Verity keeps two low-level escape routes separate:

  • First-class typed primitives, such as Stmt.mstore and Stmt.calldatacopy, are kept when they have stable Verity semantics, trust reporting, and proof value.
  • One-off statements that only expose a single Yul instruction should be helper constructors returning UnsafeYulFragment, used through Stmt.unsafeYul.

Raw Yul is the explicit escape hatch. An UnsafeYulFragment carries the EVMYul AST payload, low-level mechanics, local obligations, scope effects, and termination metadata at the same boundary. This keeps ad-hoc assembly visible in trust reports without making every Yul instruction look like a modeled Verity statement.

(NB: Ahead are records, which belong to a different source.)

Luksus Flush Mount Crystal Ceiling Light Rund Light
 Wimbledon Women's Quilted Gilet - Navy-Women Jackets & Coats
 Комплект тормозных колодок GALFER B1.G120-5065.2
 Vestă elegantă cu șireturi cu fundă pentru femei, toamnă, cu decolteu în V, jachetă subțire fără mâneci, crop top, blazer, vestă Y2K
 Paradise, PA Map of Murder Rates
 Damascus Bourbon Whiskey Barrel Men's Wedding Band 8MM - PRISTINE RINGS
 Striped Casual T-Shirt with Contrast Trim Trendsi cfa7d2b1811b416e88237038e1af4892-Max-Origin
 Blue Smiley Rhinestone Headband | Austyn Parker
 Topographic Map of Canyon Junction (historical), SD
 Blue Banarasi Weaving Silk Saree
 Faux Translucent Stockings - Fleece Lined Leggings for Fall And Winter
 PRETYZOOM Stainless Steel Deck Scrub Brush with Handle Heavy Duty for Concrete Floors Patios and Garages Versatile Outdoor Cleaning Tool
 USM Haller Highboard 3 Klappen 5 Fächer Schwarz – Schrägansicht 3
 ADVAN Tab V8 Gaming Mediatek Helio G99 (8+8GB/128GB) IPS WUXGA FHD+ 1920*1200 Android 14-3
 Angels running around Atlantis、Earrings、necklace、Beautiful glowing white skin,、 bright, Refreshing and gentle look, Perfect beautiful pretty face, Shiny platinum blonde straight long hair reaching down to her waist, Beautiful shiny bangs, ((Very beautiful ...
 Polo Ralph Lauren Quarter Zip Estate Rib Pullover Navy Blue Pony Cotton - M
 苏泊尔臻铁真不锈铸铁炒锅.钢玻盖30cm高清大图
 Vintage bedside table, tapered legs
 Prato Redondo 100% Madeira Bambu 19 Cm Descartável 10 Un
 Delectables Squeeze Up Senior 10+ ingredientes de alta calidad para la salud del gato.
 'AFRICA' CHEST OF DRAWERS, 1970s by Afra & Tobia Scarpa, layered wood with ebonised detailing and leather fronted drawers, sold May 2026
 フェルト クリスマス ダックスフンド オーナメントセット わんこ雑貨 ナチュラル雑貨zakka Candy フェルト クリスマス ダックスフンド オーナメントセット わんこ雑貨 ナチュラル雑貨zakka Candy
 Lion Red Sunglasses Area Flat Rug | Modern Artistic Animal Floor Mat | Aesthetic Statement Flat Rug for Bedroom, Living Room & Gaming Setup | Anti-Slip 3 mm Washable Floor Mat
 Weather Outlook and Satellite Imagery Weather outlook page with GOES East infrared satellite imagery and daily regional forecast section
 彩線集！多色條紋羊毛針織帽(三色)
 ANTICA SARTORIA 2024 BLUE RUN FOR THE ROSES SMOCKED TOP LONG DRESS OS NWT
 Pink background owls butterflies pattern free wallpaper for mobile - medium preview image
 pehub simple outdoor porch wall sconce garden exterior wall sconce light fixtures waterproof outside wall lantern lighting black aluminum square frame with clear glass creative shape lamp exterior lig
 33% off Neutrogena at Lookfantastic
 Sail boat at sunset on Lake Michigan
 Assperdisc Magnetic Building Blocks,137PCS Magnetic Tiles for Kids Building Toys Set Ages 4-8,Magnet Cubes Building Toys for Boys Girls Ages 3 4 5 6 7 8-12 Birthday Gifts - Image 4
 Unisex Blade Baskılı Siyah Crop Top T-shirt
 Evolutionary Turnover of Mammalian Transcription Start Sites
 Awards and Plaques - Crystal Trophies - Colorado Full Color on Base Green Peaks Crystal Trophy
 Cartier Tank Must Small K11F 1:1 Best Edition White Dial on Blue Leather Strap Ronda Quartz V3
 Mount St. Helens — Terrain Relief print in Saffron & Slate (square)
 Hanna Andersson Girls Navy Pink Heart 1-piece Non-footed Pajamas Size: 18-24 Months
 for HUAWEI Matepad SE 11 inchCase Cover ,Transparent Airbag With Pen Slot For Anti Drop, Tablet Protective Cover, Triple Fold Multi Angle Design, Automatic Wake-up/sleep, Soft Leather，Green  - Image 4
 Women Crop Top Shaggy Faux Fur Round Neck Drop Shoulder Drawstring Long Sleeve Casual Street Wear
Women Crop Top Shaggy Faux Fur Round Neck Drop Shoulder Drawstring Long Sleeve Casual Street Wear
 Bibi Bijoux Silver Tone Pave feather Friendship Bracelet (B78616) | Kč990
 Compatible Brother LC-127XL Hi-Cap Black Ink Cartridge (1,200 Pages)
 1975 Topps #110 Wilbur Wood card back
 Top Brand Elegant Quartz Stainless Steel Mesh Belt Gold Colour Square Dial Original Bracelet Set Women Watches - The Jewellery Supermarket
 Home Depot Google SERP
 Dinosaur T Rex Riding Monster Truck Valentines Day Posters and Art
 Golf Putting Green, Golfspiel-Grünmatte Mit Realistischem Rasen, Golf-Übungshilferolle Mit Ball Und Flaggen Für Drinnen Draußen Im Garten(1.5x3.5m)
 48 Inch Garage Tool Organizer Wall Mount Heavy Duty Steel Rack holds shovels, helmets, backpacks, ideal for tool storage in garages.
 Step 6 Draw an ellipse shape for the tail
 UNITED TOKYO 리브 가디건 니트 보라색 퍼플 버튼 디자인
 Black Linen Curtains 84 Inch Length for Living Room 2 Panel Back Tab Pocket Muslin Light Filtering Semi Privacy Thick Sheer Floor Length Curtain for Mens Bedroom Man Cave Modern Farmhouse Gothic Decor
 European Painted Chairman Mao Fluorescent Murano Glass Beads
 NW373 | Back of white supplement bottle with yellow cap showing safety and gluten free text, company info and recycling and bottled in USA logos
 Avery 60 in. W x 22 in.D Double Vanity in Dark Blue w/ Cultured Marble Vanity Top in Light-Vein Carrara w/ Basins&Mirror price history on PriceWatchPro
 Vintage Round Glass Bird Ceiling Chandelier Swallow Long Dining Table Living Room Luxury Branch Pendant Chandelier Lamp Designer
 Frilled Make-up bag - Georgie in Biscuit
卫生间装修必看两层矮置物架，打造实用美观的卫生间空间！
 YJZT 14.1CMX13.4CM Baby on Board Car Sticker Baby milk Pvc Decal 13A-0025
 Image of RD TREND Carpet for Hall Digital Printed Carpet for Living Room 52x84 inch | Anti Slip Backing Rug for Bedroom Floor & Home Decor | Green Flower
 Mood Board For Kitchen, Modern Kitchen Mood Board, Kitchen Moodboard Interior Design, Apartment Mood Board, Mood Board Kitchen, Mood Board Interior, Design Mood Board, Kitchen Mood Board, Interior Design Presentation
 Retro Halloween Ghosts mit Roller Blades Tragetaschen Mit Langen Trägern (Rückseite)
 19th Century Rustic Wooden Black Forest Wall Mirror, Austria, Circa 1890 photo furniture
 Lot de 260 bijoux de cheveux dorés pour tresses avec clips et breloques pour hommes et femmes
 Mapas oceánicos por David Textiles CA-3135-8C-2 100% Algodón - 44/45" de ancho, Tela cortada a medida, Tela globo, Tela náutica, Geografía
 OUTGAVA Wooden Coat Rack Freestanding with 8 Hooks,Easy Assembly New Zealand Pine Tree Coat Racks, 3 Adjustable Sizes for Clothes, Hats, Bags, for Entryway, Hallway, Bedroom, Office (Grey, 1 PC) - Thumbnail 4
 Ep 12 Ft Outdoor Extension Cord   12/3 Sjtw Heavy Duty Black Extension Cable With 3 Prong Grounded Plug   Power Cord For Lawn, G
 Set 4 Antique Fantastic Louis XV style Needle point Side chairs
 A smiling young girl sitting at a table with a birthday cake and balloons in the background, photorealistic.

For example, raw memory reverts now use the fragment helper:

Stmt.unsafeYul
  (UnsafeYulFragment.rawRevert
    (Compiler.Yul.YulExpr.ident "offset")
    (Compiler.Yul.YulExpr.ident "size")
    { name := "raw_revert_memory_slice_refinement"
      obligation := "Caller-provided raw revert memory slice must refine the intended failure payload."
      proofStatus := .assumed })

Raw memory reverts should use UnsafeYulFragment.rawRevert. Typed primitives such as mstore, calldatacopy, and similar common operations should remain first-class only when Verity commits to their semantics and they are useful in proofs or audits.